Nada obstante, é preciso indagar se essa solução, possivelmente conveniente, encontra amparo no ato regulamentar de divisão de serviços.

Em regra as atribuições especializadas dos órgãos de execução na esfera dos interesses difusos, dos interesses coletivos e dos interesses individuais homogêneos, são tratadas de forma explícita.

Nesses casos, pelo que ordinariamente se observa os atos que fixam a divisão de serviço concedem a determinado cargo de certa Promotoria de Justiça função de defesa de interesse especifico (meio ambiente, consumidor, patrimônio público, etc.).

E as regras de experiência demonstram, do mesmo modo, que essa atuação, assim fixada, diz respeito às ações civis públicas propostas pelo Ministério Público, assim como também à atuação, como fiscal da lei, nas ações civis públicas relacionadas àquela matéria propostas por outros legitimados.

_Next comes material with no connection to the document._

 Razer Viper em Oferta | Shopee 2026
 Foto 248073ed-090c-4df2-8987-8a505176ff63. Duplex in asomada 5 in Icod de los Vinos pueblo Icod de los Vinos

Os demais casos não enquadrados nessas hipóteses (atuação como fiscal da lei em outras ações em que aquela matéria específica seja debatida – meio ambiente, consumidor, patrimônio público, etc.), que dizem respeito, portanto, à atuação ministerial como custos legis em outros processos, são atribuições a respeito das quais os atos regulamentares de divisão de serviços, em regra, não tratam especificamente. Esses outros casos normalmente se enquadram sob a designação geral da função de oficiar em “feitos cíveis”.

Essa exegese, calcada na análise sistemática e finalista, seria suficiente para justificar a conclusão no sentido de que a fixação da atribuição da suscitante, em ato normativo, para a defesa do patrimônio público, não tendo mencionado expressamente a atuação como custos legis em ações populares, não engloba tal atribuição.

Em outros termos, sem que tenha sido especificada no ato de divisão de serviços, a atribuição para atuar em ações populares na condição de fiscal da ordem jurídica recai na regra geral, pela qual cabe ao órgão de execução vinculado à Vara Judicial manifestar-se nos “feitos cíveis” que nela tramitem.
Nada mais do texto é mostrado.